The majority of portal areas revealed intense portal fibrosis infiltrated by mononuclear cells and contain proliferative bile ductules. The aforementioned lesions usually invade the interlobular tissue resulted in its mass thickening. The hepatic capsule and sub capsular tissues appeared also thickened by mature fibrous tissue. Fig. 10 In extract treated rats, the hepatic parenchyma revealed minimal changes represented as focal vacuolar and hydropic degenerations together with normal hepatic features in the majority of hepatic lobules. Few portal areas showed mild eosinophils infiltration (Fig. 10c), hyperplasia of Kupffer cells and minute fibrous strands in portal area and interlobular tissue could be barely observed. 4. Conclusions To find new plant based pharmaceuticals, to increase confidence among users and to contribute to the development of traditional medicine sector, phytochemical and pharmacological studies on Cassia abbreviata root were performed on its methanol extract utilizing the rapid and sensitive HPLC-PDA-ESI-MS/MS technique. The analysis resulted in identifying different types of phenolics present mainly as proanthocyanidins in different isomeric forms.
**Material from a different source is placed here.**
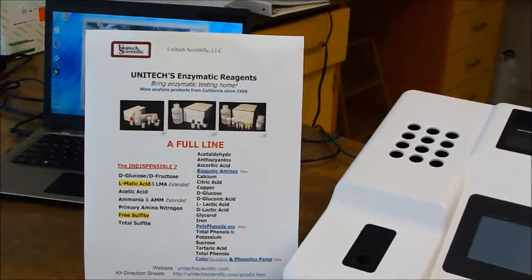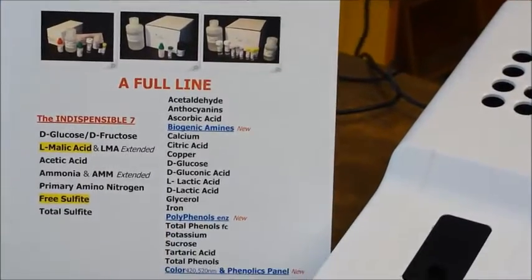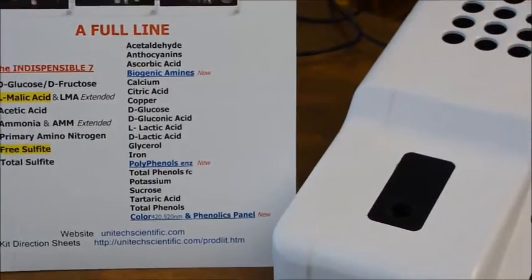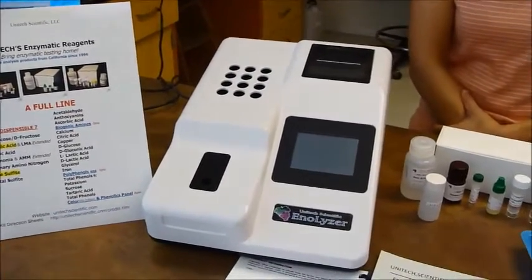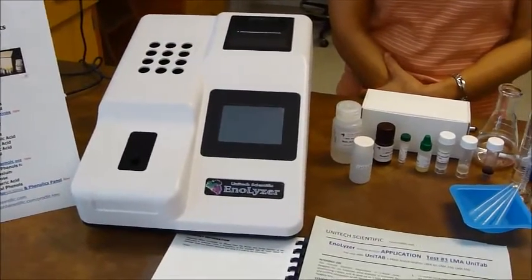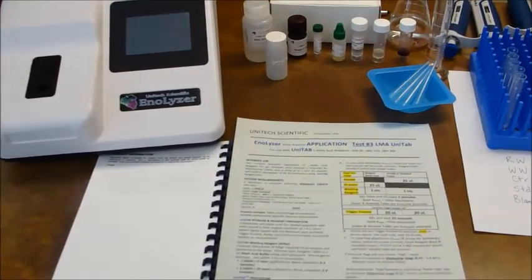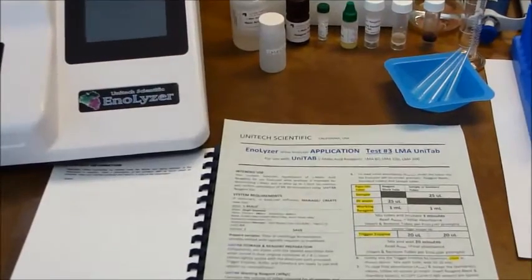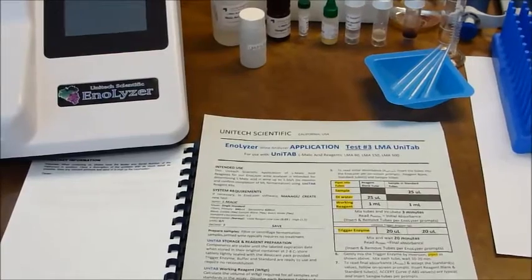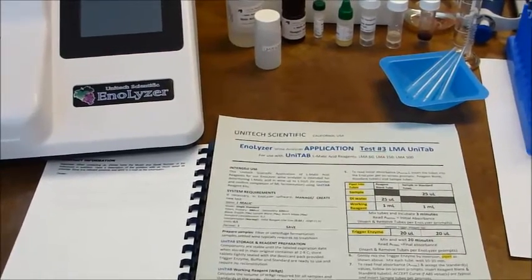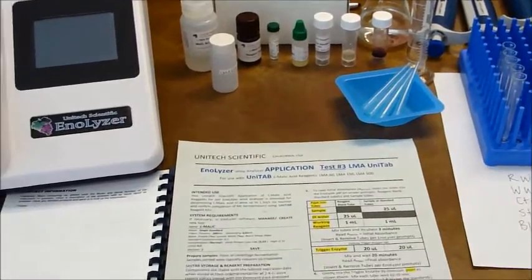Today we are demonstrating Unitec Scientific's Enalyzer Wine Analyzer, a batch analyzer, to test wine samples for both malic acid and free SO2. As part of this demo, we'll show the use of the StatFax Capture software on our PC to create a text file of our Enalyzer data. We're using Unitec's malic acid Unitab reagent kit to test two wine samples, and we're including a control to monitor our assay performance.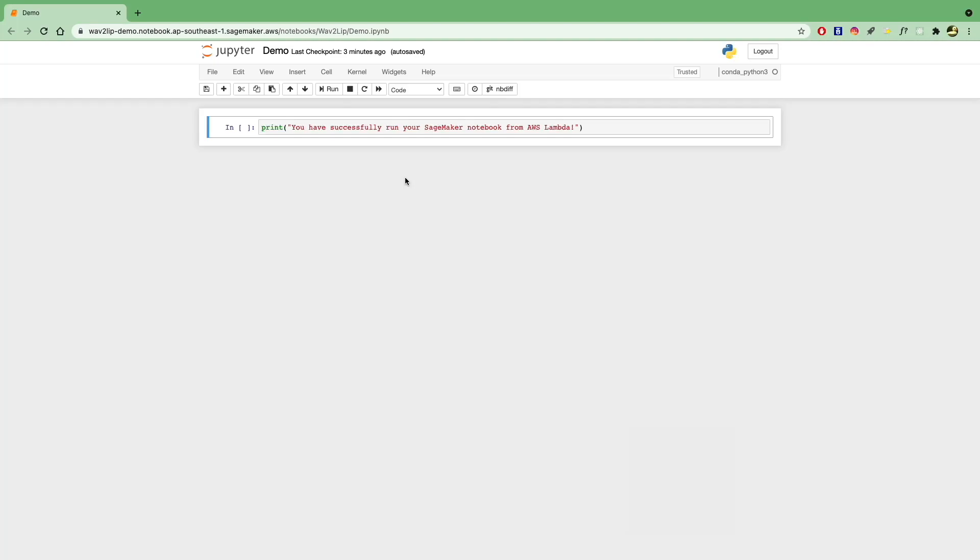Alright, in this video I'll be showing you how to run a SageMaker notebook using AWS Lambda. So let's say you have a notebook over here, and you want to automate the running of this notebook without having to come into the console and run the cells manually.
A methanol root extract exerted promising biological activities such as in vivo hepatoprotective effect against DGaIN-induced liver toxicity in rats, and antioxidant potential both in vivo in C. elegans organism and in vitro in DPPH and FRAP assays. Such diversity of biological properties shown by the studied extract may be attributed to the presence of high content of phenolics (proanthocyanidins) that was determined by Folin-Ciocalteu method. This type of secondary metabolites interferes with almost all proteins. In view of these findings, the reported utilization of C. abbreviata in traditional medicine is plausible and rational.

20

Acknowledgments The authors would like to thank Dr. C. D. Rubanza (Tanzania Forestry Research Institute, Shinyanga, Tanzania) for plant collection and Dr. B. Wetterauer (IPMB) for his help in collecting HPLC-MS/MS data.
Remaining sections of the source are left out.